My sister called me tonight to remind me that we are under a winter storm warning, the first of the season. We’ve had a couple of inches of snow before this, but it all melted.  Now it’s snowing and blowing big time.  It’s gorgeous; big flakes, all sparkly and fluffy, whirling here and there, piling up.  We’re supposed to get six inches with wind.

But, luckily, yesterday and the day before were on the weekend and David was home.  So the two of us got busy and did a lot of our pre-winter winter getting ready stuff.  Friday he hauled 100 square bales of hay with the help of our good friend Jim Bonnette.  And they stacked and tarped them nicely.  We also cut firewood.

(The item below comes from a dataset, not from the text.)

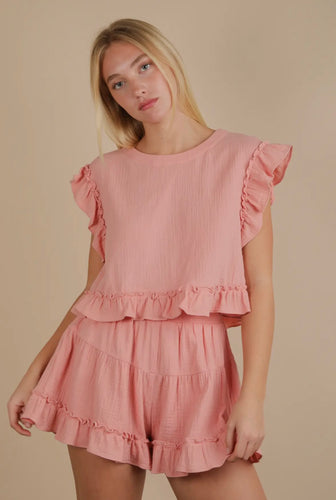 Ruffled Set- Blush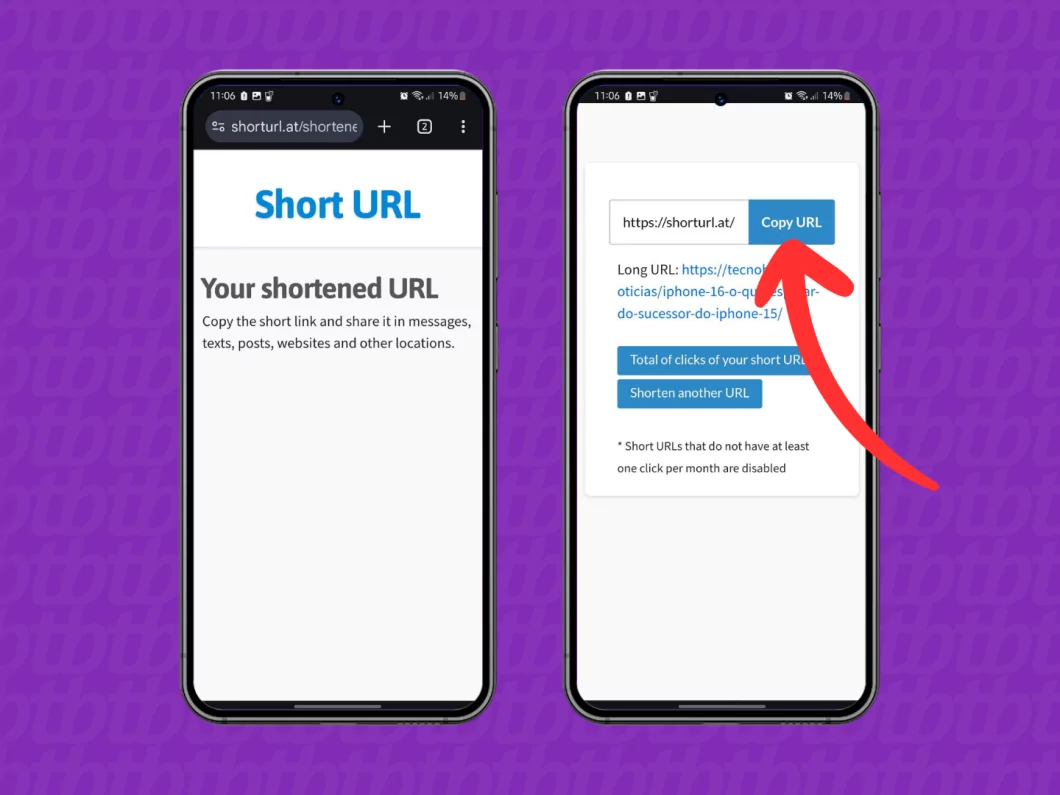 Como encurtar um link? Conheça 3 opções grátis para reduzir uma URL Guia Região dos Lagos 51 Capturas de tela do site ShortURL mostram como copiar o link encurtado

Saturday, we backed the pickup to the pile and started splitting wood.  We split a load, then David drives it around back of the house, backs up to the walk-out of the basement, then tosses the wood up onto the porch, to me, and I throw it in a pile next to the house logs.  Of course, the floor and logs are protected by old sheets of plywood and OSB.

A wood pile is a wonderful thing!

We did that most of yesterday, watching the pile grow.  Then toward dark, we grabbed some steel T posts and went to pound posts in the new pheasant pen and where the donkey corral will be enlarged to twice its present size.  I’d been putting it off, but the temperatures have suddenly dropped drastically.  Like the HIGH for the next week will be something like 9 degrees.  You don’t want to know what the LOW is going to be!  That equals FROST in the ground.  And when that happens it is nearly impossible to pound steel posts.

Oops.  We waited a couple days too long.  It was a brutal job.  We got seven in and both of us ran out of steam.  David is fighting a long lasting cold and just ran out of energy.  We quit and tonight in the snow, finished the last two posts.  Luckily, we found a grassy spot where they pounded down fairly well.  Except the rocks they hit.  Oh well, it’s done.

So by flashlight, we gathered tools we might lose in the snow (like for all winter), picked up coiled garden hoses and went in the house with snow swirling around us.  Four inches, already.

I went out onto the porch and grabbed an armload of our split firewood, all nice and dry.  After poking up the fire,I added a couple of sticks and watched it catch.  Oh, how nice it is that we got that wood up!